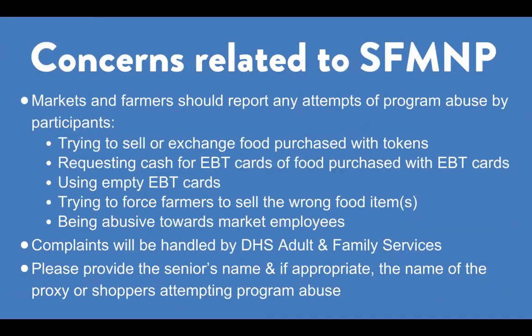Now, how to address concerns related to the program. Markets and farmers should report any attempts of program abuse by participants, such as trying to sell or exchange food purchased with tokens, requesting cash for EBT cards, using empty EBT cards, being abusive towards market employees, and so on. Complaints will be handled by DHS Adult and Family Services.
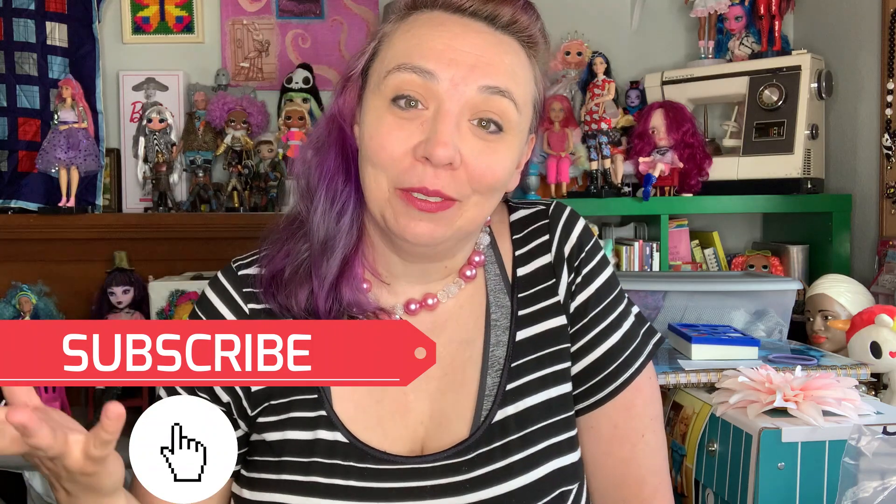Thanks for watching! Make sure to subscribe and stick around — go check out the playlist and Leilani's channel. Leilani is a close friend of mine, she's also a special needs mama, and her channel is really great. She's a funny lady. I will talk to you guys next time. Bye!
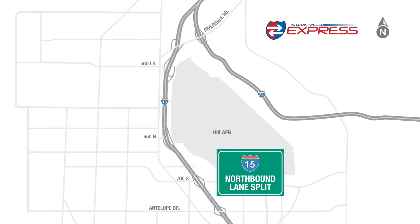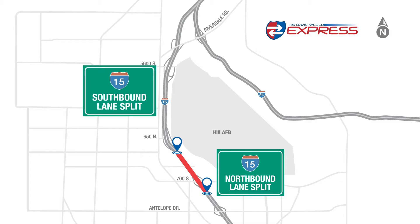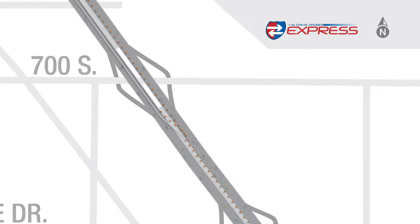The first lane split will be northbound I-15 from before 700 South to just before 650 North. The second will be southbound I-15 from before 5600 South to just before 650 North.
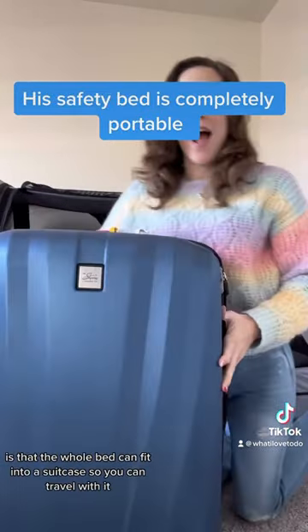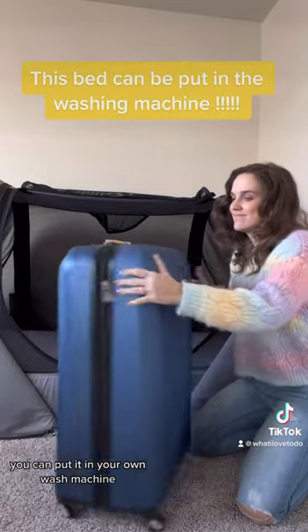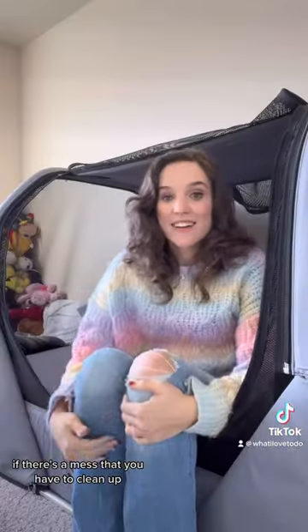Another cool feature about this bed is that the whole bed can fit into a suitcase so you can travel with it, and the whole bed is washable — you can put it in your own washing machine if there's a mess that you have to clean up.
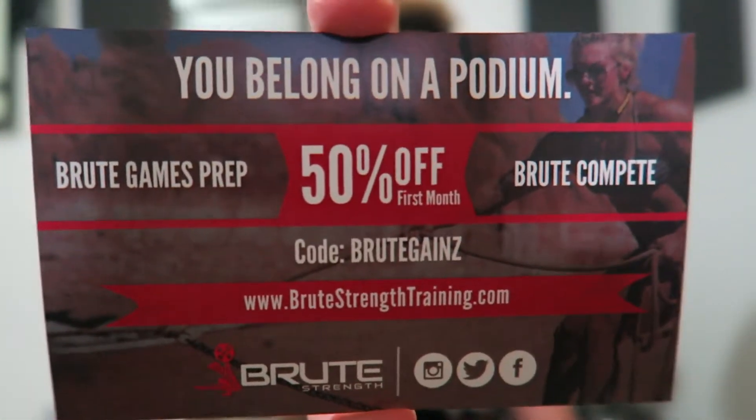First things first, the official bubble wrap games have begun! First thing on top right here we have 50% off your first month of Group Games Prep - use code 'group games' at checkout at Bruce Straight Training dot com. Jump on that if you want.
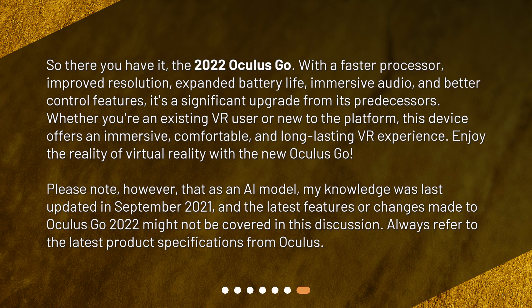Please note that as an AI model, my knowledge was last updated in September 2021, and the latest features or changes made to the Oculus Go 2022 might not be covered in this discussion. Always refer to the latest product specifications from Oculus.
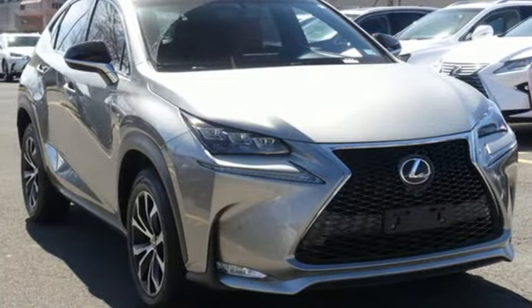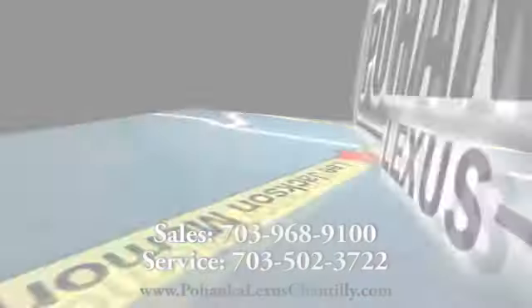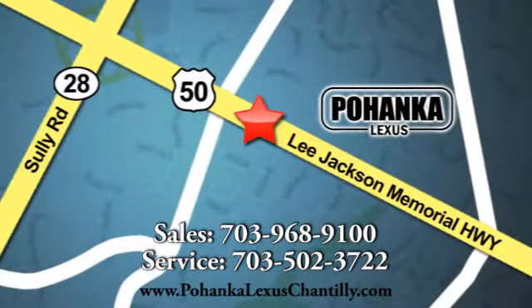Take it for a test drive today. Call us now for more information on this vehicle or visit today. We're conveniently located at 13909 Lee Jackson Memorial Highway in Chantilly.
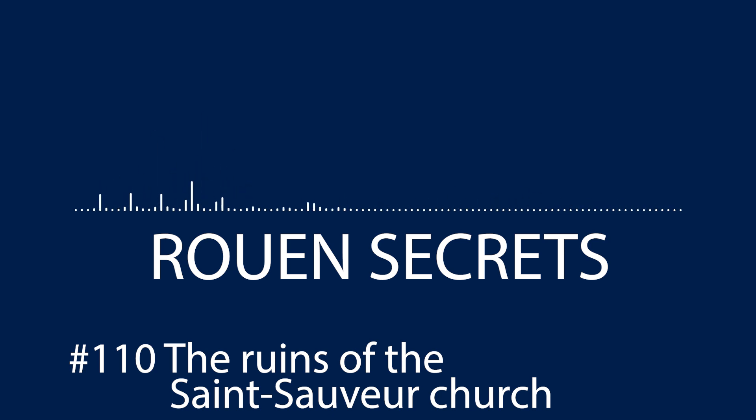Today, the stones that are visible correspond to the foundations of the Saint-Sauveur church. For the record, between 1793 and 1795, the Saint-Sauveur church served as a saltpeter factory. There you go. Now you know the story behind these ruins.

========================

* Problem to work on
Print exactly the first line of the entries and every line after it through the one that contains "Take it for", leaving the pictures out.

* Result below
Now, how to address concerns related to the program. Markets and farmers should report any attempts of program abuse by participants, such as trying to sell or exchange food purchased with tokens, requesting cash for EBT cards, using empty EBT cards, being abusive towards market employees, and so on. Complaints will be handled by DHS Adult and Family Services.
Thanks for watching! Make sure to subscribe and stick around — go check out the playlist and Leilani's channel. Leilani is a close friend of mine, she's also a special needs mama, and her channel is really great. She's a funny lady. I will talk to you guys next time. Bye!
The first lane split will be northbound I-15 from before 700 South to just before 650 North. The second will be southbound I-15 from before 5600 South to just before 650 North.
Another cool feature about this bed is that the whole bed can fit into a suitcase so you can travel with it, and the whole bed is washable — you can put it in your own washing machine if there's a mess that you have to clean up.
First things first, the official bubble wrap games have begun! First thing on top right here we have 50% off your first month of Group Games Prep - use code 'group games' at checkout at Bruce Straight Training dot com. Jump on that if you want.
Please note that as an AI model, my knowledge was last updated in September 2021, and the latest features or changes made to the Oculus Go 2022 might not be covered in this discussion. Always refer to the latest product specifications from Oculus.
Take it for a test drive today. Call us now for more information on this vehicle or visit today. We're conveniently located at 13909 Lee Jackson Memorial Highway in Chantilly.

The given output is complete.